© 2015 Sheetal Gandhi

all rights reserved


site design: Carole Kim


(Daughter-in-law, Daughter, Wife)



This acclaimed work was awarded the 2012-13 NDP Touring Award, and has been presented in theaters from Norway to India and in over 15 cities in the U.S.  With powerful dance, stirring vocalization and percussive text, Sheetal Gandhi’s magnetically rhythmic solo, Bahu-Beti-Biwi (Daughter-in-law, Daughter, Wife) wraps North Indian music traditions and family characters into a contemporary tour de force that glides between humorous portraiture and active resistance.  Gandhi mines the texts and subtexts of centuries-old women’s songs to create an arresting vision of generational shifts that are reshaping our definitions of freedom and compromise, desire and longing, duty and love.

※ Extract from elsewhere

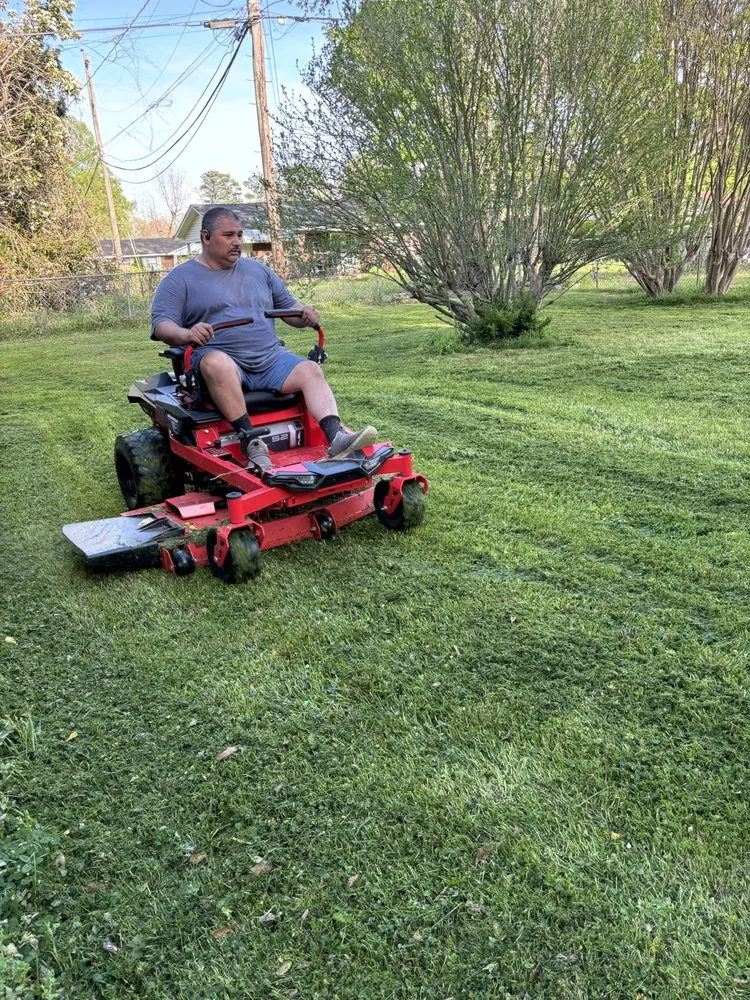Custom yard maintenance for outdoor upgrades in Jacksonville, AR by Dave’s Lawn Service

Merging dance, live singing and percussive text based on the language of the tabla (North Indian classical drum), Gandhi transitions from one character to the next.  A “pop-locking” bird transforms into an endearing auntie who nurtures through (over)feeding.  The whining of an Indian-American teenage girl evolves into the slippery melody of a North Indian classical raga.  Gandhi is both a musician and a dancer.  Using complex syncopations and theatricality, she has crafted a virtuosic and evocative physical/vocal vocabulary.

Residency activities and opportunities for Sheetal to connect and engage directly with the community can be arranged as a part of this presentation.  See “Community” page for more info.

SOUND: CD Playback with live singing; REQUIRES ONE (1) LAVALIER MICROPHONE

TECH: Request Tech Rider

Bahu-Beti-Biwi is approximately 50-minutes long and can also be presented as shorter excerpts.


“So adept is Gandhi at capturing the distinctive physical characteristics of each embodiment, she seems to literally morph from one to the next, as if there were a cast of dozens of her Indian relatives populating the stage.”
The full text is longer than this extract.